Provided information -
* * * * * * * * *
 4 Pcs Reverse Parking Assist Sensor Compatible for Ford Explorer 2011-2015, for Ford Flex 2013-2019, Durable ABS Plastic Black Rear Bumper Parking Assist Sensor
* * * * * * * * *
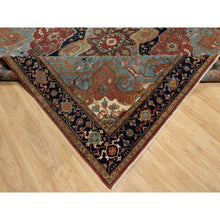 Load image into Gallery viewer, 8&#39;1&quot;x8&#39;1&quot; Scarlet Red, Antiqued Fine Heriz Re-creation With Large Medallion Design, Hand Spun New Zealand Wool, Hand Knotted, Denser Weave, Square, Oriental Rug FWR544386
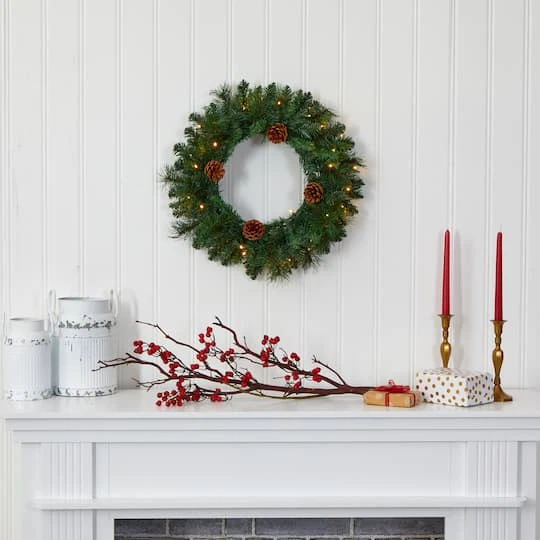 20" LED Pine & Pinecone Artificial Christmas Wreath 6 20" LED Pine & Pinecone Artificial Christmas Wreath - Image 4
* * * * * * * * *
Exercise aim - From the data above, return only the lines starting at the line that holds "Load image into" and ending at the line that holds "Wreath - Image 4", word for word and without pictures.

Written response -
 Load image into Gallery viewer, 8&#39;1&quot;x8&#39;1&quot; Scarlet Red, Antiqued Fine Heriz Re-creation With Large Medallion Design, Hand Spun New Zealand Wool, Hand Knotted, Denser Weave, Square, Oriental Rug FWR544386
 20" LED Pine & Pinecone Artificial Christmas Wreath 6 20" LED Pine & Pinecone Artificial Christmas Wreath - Image 4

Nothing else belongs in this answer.